Generally, structure is:

Simulated point cloud:

1: ICE tree in modeling region: basic emitter node, node for basic shape creation (here, kH Follow NURBS), nodes for initializing the simulation
2: ICE tree in simulation region: simulation nodes
3: Optional ICE tree in post-simulation, only for preview. Disable this ICE tree before caching (RMB in explorer, 'disable from here')
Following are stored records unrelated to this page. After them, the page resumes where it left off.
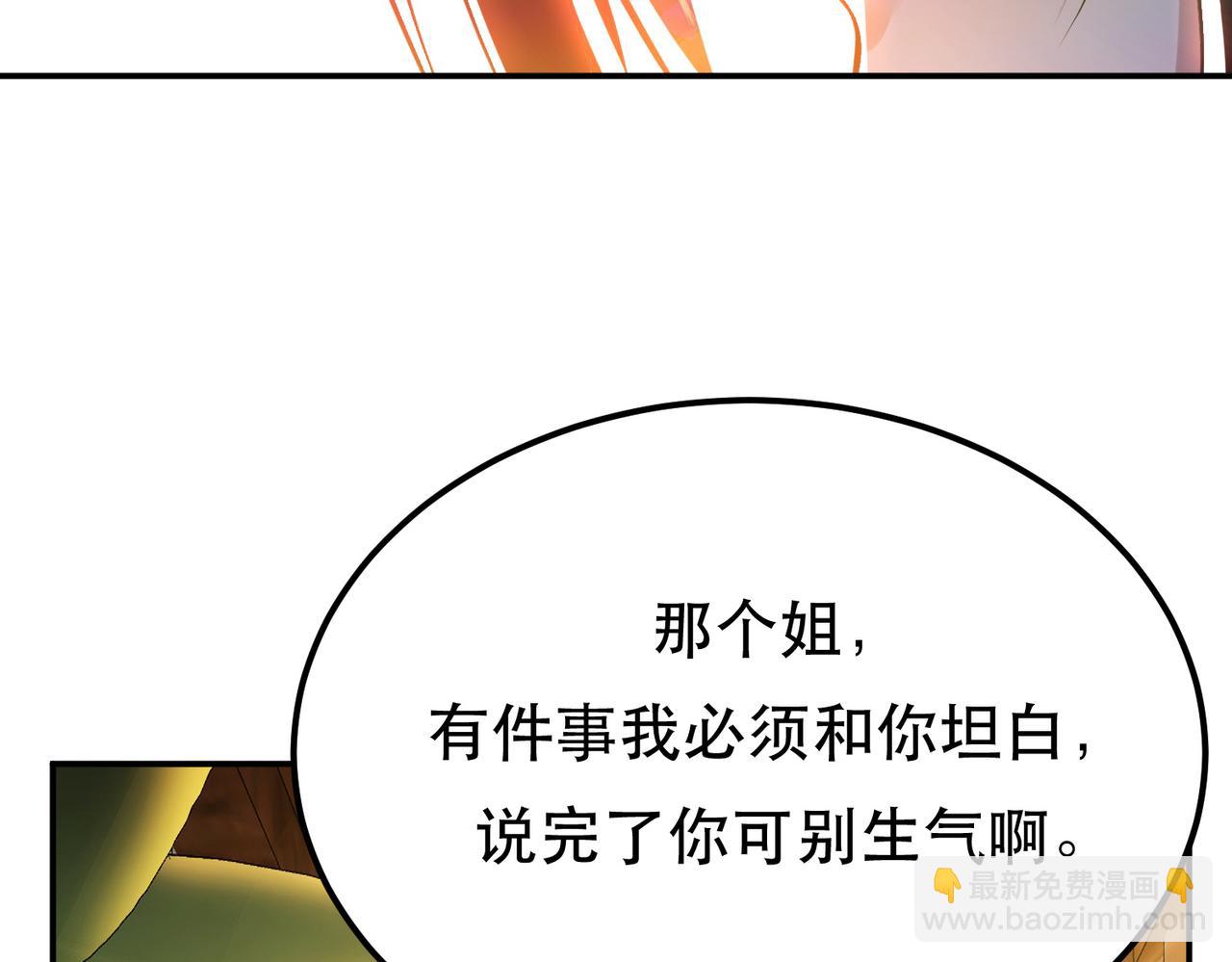 男主和妹子都是我的了 - 第43话 攻心计(1/4) - 1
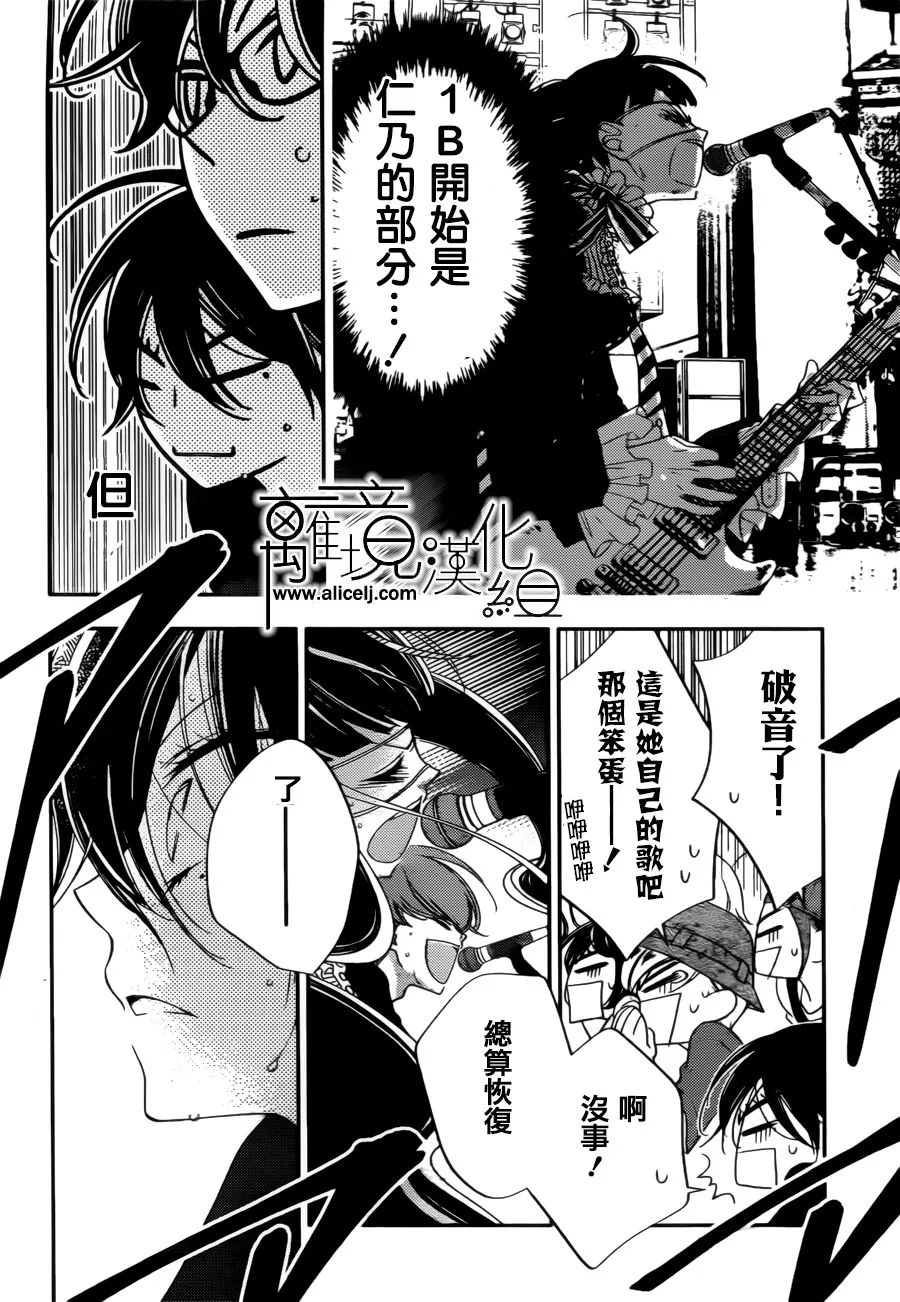 《覆面noise》漫画最新章节第84话免费下拉式在线观看章节第【14】张图片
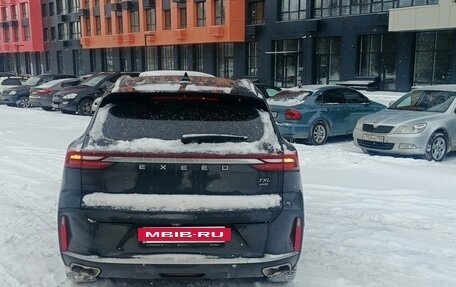 CheryExeed TXL, 2022 год, 1 900 000 рублей, 2 фотография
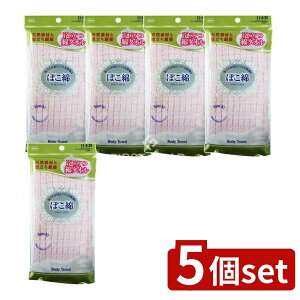 _r[TL^y5Zbgz I[G |R {fB^I P [Pie/1] | {fB^I ۂ I[G ^I sN A ȃ^I oXpi G VRf \tg 􂢐Sn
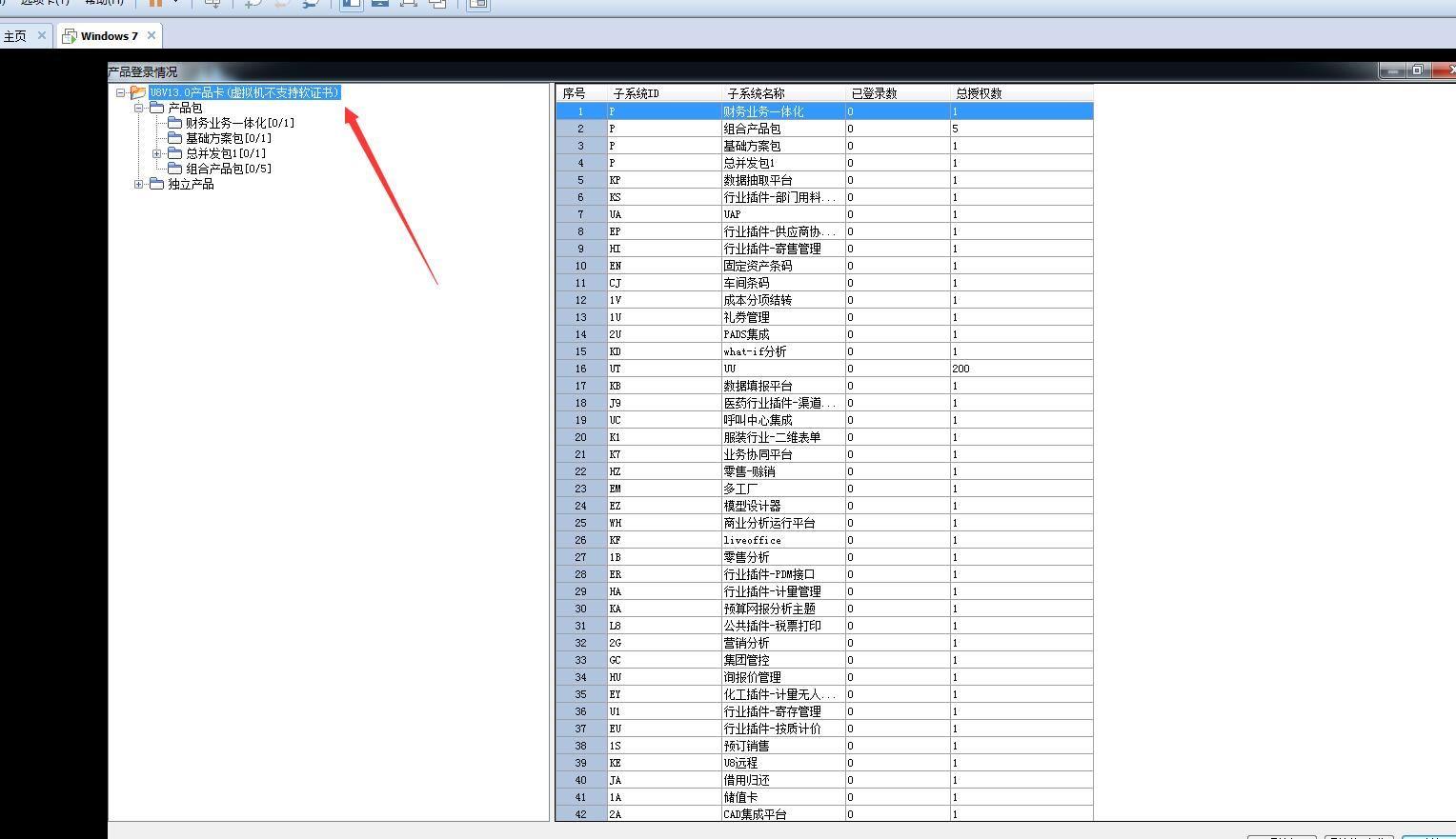 用友应付模块查不到付款凭证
'Load cache' point cloud: this is created from simulated one - simulation stack is deleted, I've used 'cache on file' node for loading. This allows to have everything in a single ICE tree. However, you'll need to replace the emitter mesh with static copy (no deformations). In this single ICE tree there is:
1: basic emitter node, kH Follow NURBS or another 'form' node. 'Form' node still needs to be present, because it creates static vectors for later deformations.
2: load cache node
3: node for applying the particle motion to strands, for OPS, or... node for calculating the 'dynamic' deformation vectors, for SDF.
4. modifiers (bend, curls, randomize)
5. hair filler

A few words of simulations:

'One Point Simulation' simulates only on particles, it doesn't simulate on strands. In post simulation, spring motion is applied to strands, motion on particles is disabled.
It just bends the strands. For example, you can't get 'S' like shape. However, it's 'by design' faster than 'real' strand simulation, I'd believe it's more predictable too.
There are only three simulation parameters, typical for simple spring simulations: weight of linear and angular motion, weight of drag force. Preventing collision to external objects is still possible, but only in post-simulation, more like some small correction.

Factory strand dynamics framework is a full simulation on strands. Collision is calculated together with simulation. There is no self-collision, anyway. In movie a few post above, I've mixed SDF sim with transformed original strand shape. In simulated ICE tree, there is a node called 'kH3 restore original shape'. It's pretty much the same as 'strand groom force' from Melena/MT strands, but this time it's a 'brute force'. With full weight, this node will just kill the simulation, still transforming the strands by emitter's motion. You can weight this one along strands, for example, setting a higher weight at roots, zero weight at tips. It seems it also helping in calming the SDF sim.
Tip: keep weight less than one, even something like 0.99. Don't kill simulation completely (otherwise, I'm afraid ICE will come with optimizations, and whole chain of side-effects begins - at least I think so).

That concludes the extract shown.